● TASK DETAILS
Reproduce, exactly and only, the lines of the data that follows from the one containing "Page 8 of Chapter 37" down to the one containing "17 Victory Street Cumberland RI 02864", without pictures.

● THE DATA
* * *
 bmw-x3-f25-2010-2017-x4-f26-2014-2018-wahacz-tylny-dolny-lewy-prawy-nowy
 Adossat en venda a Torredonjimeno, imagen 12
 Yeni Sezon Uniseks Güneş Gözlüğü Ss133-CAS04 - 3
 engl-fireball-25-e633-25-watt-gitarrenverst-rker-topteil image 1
* * *
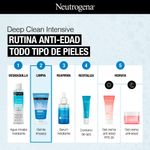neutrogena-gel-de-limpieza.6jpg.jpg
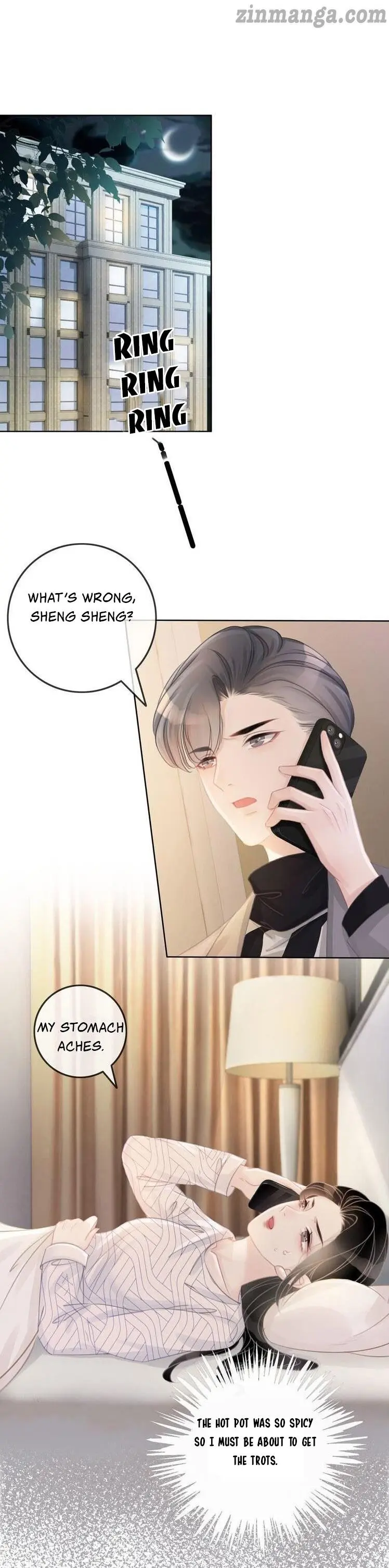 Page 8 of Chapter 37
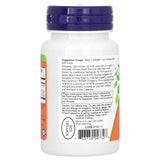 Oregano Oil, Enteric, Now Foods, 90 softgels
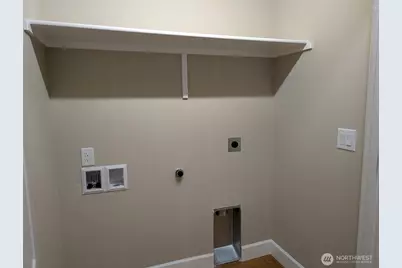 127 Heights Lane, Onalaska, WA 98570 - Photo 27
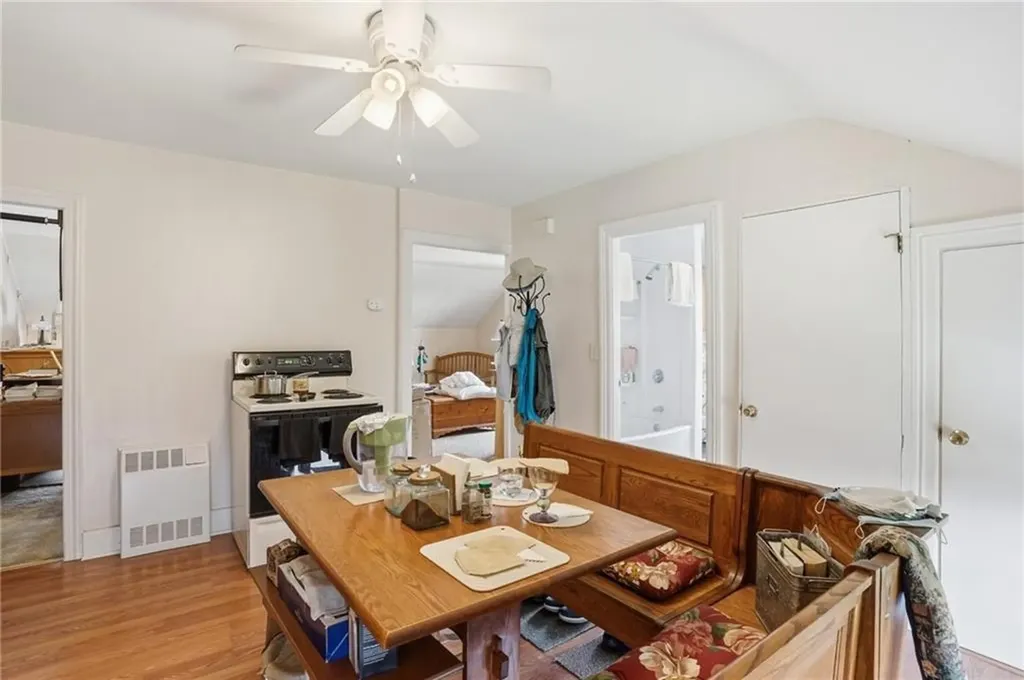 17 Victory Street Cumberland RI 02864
* * *
● EXERCISE RESPONSE
 Page 8 of Chapter 37
 Oregano Oil, Enteric, Now Foods, 90 softgels
 127 Heights Lane, Onalaska, WA 98570 - Photo 27
 17 Victory Street Cumberland RI 02864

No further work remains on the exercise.